Exercise objective:
Every line of the listing below from the one with "Now, you have" up to and including the one with "Hello friends, welcome" should be retyped exactly, and nothing else; pictures are not part of the copy.

Entries provided:
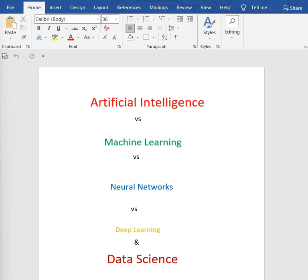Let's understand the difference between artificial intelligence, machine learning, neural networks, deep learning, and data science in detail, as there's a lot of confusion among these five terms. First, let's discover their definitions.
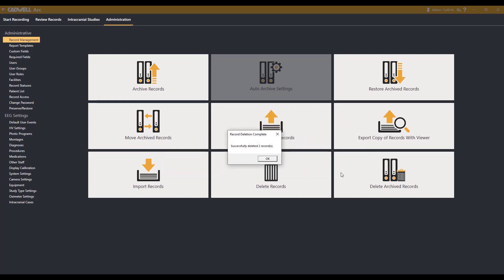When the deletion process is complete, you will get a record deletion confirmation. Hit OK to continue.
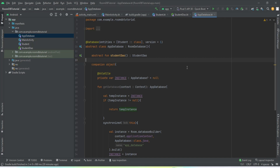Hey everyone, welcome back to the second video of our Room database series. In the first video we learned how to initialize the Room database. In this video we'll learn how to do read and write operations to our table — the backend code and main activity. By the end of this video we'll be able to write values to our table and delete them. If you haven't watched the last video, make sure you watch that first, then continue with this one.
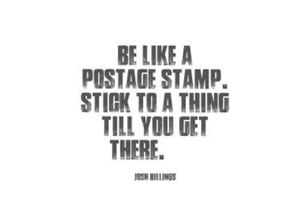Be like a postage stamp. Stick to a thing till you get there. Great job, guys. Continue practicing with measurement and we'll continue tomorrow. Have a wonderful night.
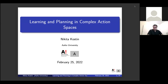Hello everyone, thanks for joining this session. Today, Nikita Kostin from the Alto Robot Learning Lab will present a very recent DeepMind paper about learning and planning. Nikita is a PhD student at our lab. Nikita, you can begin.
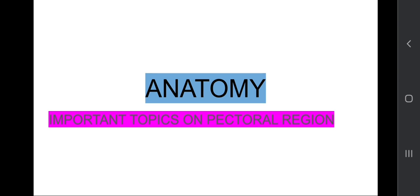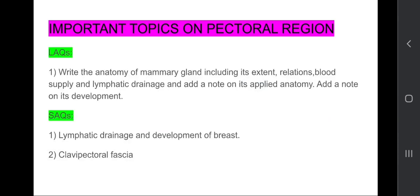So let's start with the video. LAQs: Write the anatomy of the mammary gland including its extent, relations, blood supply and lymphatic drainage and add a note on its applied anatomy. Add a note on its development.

---

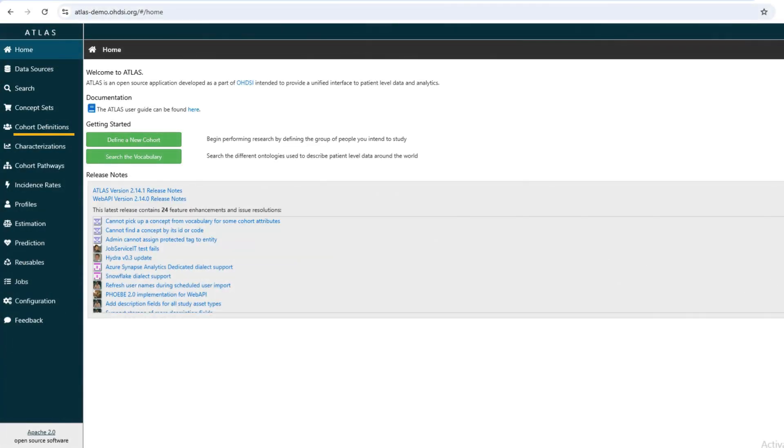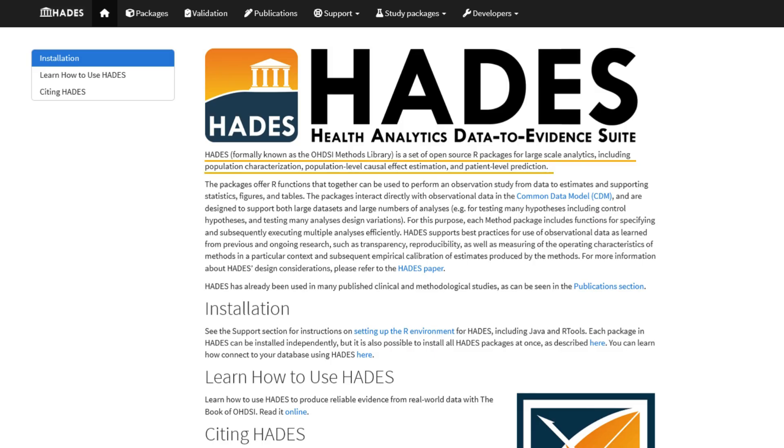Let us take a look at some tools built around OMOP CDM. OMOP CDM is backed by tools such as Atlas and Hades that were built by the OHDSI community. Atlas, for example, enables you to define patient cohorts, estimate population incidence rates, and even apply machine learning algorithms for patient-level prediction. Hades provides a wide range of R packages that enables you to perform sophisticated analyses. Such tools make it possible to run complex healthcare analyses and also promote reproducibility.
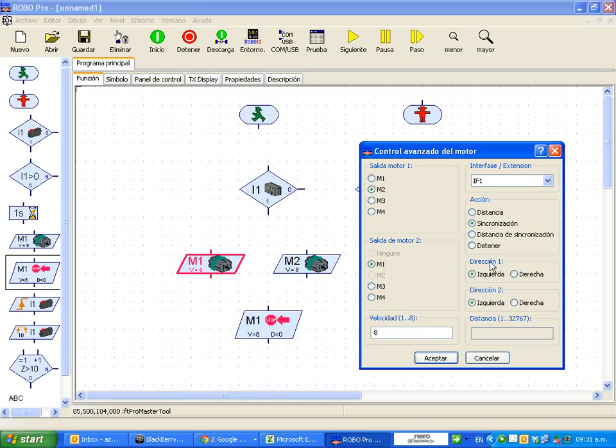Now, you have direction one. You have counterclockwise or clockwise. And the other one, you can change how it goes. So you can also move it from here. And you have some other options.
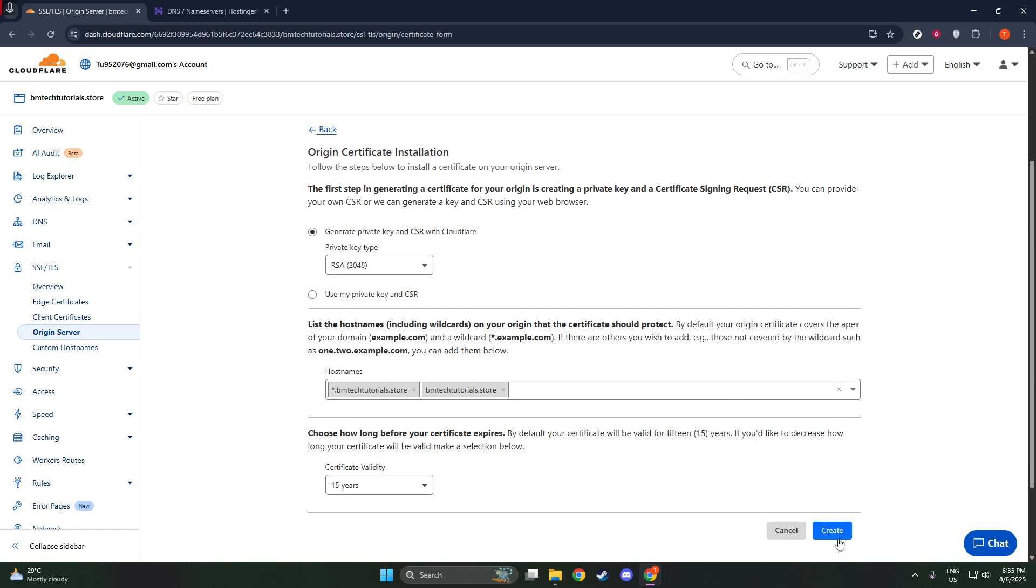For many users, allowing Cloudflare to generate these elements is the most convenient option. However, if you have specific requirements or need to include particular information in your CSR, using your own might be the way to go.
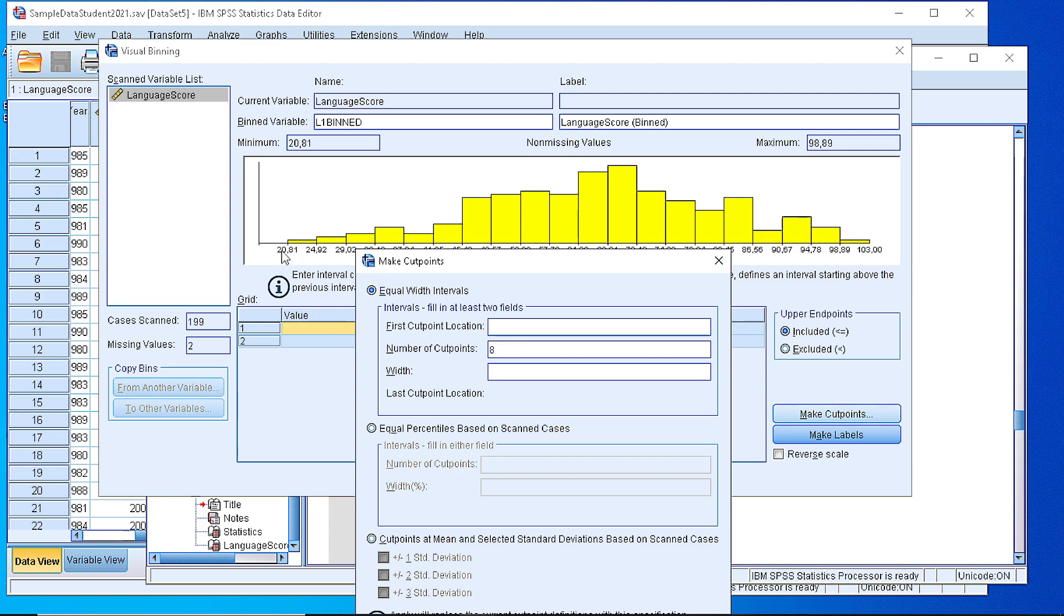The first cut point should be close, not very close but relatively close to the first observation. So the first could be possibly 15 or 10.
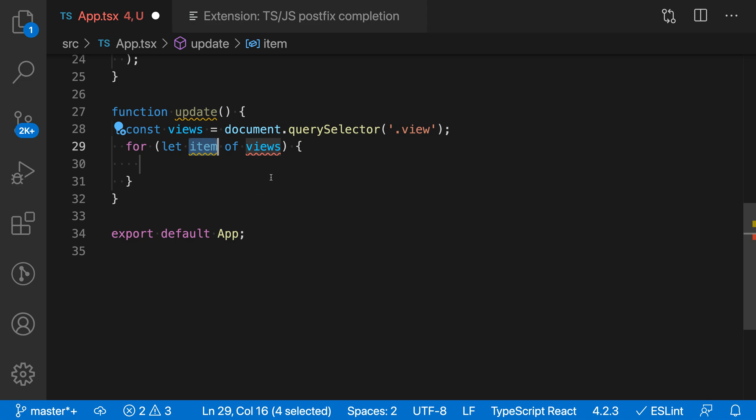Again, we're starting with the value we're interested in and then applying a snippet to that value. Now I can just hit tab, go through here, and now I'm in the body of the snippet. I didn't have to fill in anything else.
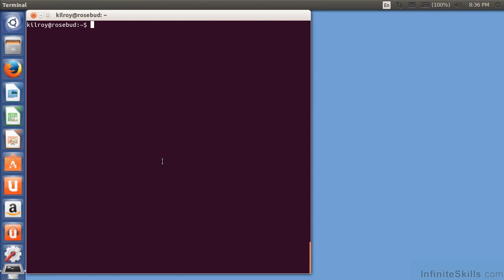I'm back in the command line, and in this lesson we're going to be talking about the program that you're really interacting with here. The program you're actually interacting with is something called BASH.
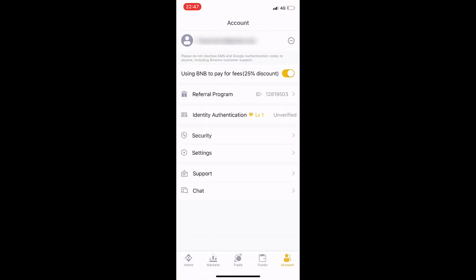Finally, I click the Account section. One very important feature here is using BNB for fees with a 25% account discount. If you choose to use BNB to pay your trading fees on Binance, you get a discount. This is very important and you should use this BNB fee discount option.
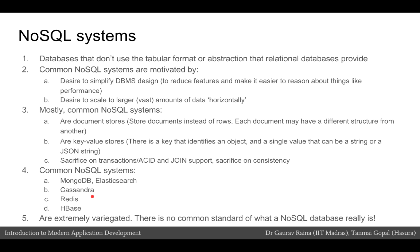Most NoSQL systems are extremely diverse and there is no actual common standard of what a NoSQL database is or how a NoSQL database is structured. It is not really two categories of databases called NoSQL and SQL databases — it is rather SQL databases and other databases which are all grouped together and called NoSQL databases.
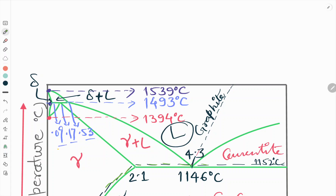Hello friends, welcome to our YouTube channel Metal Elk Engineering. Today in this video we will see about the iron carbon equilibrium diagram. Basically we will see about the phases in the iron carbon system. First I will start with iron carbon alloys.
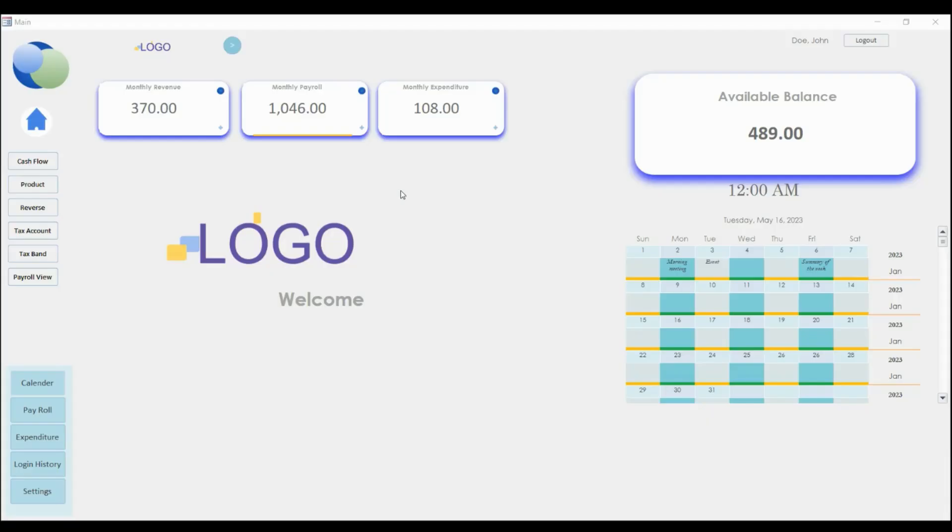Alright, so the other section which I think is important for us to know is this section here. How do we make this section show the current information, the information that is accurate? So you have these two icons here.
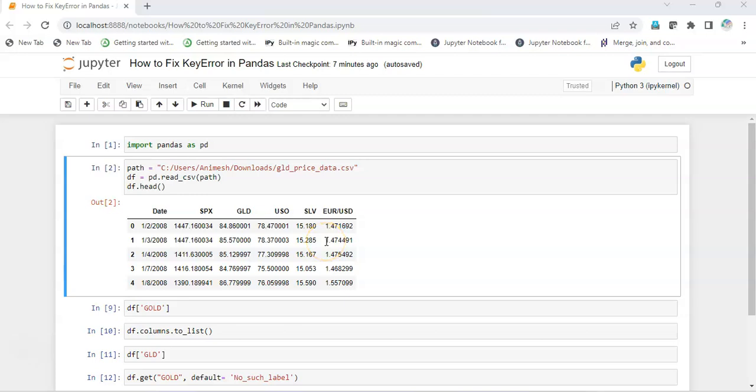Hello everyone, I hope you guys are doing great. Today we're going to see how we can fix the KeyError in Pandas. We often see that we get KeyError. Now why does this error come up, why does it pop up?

Response to this exercise:
Now, you have direction one. You have counterclockwise or clockwise. And the other one, you can change how it goes. So you can also move it from here. And you have some other options.
For many users, allowing Cloudflare to generate these elements is the most convenient option. However, if you have specific requirements or need to include particular information in your CSR, using your own might be the way to go.
The first cut point should be close, not very close but relatively close to the first observation. So the first could be possibly 15 or 10.
Again, we're starting with the value we're interested in and then applying a snippet to that value. Now I can just hit tab, go through here, and now I'm in the body of the snippet. I didn't have to fill in anything else.
I'm back in the command line, and in this lesson we're going to be talking about the program that you're really interacting with here. The program you're actually interacting with is something called BASH.
Finally, I click the Account section. One very important feature here is using BNB for fees with a 25% account discount. If you choose to use BNB to pay your trading fees on Binance, you get a discount. This is very important and you should use this BNB fee discount option.
Most NoSQL systems are extremely diverse and there is no actual common standard of what a NoSQL database is or how a NoSQL database is structured. It is not really two categories of databases called NoSQL and SQL databases — it is rather SQL databases and other databases which are all grouped together and called NoSQL databases.
Hello friends, welcome to our YouTube channel Metal Elk Engineering. Today in this video we will see about the iron carbon equilibrium diagram. Basically we will see about the phases in the iron carbon system. First I will start with iron carbon alloys.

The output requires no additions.